Da das KapMug gewissermaßen nur zentrale Fragen vorab notfalls auch höchstrichterlich klären lässt, ist es nicht mit Sammelklagen zu vergleichen, die etwa das US-Rechtssystem kennt ("class action"). Dabei müssen Kläger nicht ihren individuellen Schaden nachweisen, sondern nur ihre Zugehörigkeit zur betroffenen Gruppe ("class"). Daher münden Sammelklagen in den USA oft in große Vergleiche.
Anleger fürchten Verjährung
Wie das LG am Mittwoch weiter mitteilte, soll der eigentliche Vorlagebeschluss mit sämtlichen "entscheidungserheblichen Feststellungszielen" aber frühestens im August folgen. Über ihn muss dann das Oberlandesgericht (OLG) Braunschweig entscheiden - es kann dann einen Musterkläger bestimmen, der als Stellvertreter für alle Verfahren sehr geeignet erscheint. Mit ihm wird der Kern des Prozesses im Diesel-Skandal praktisch höherinstanzlich vorab geklärt.
Der Zeithorizont für das KapMuG löste am Mittwoch Kritik aus.

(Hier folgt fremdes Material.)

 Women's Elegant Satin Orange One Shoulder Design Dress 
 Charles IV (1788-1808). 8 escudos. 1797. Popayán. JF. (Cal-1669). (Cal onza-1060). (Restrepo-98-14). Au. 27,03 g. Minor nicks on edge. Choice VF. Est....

Die Kanzlei Tilp - Vertreter einer milliardenschweren Klage – fürchtet eine Verjährung zum 19. September 2016 "für besonders gut gelagerte Ansprüche von Kapitalanlegern gegen VW". Sie schrieb: "Von dieser drohenden Verjährung sind zigtausende von privaten und institutionellen Anlegern betroffen." Der rechtlich sicherste Weg gegen eine Verjährung sei daher das rasche Einreichen einer Klage.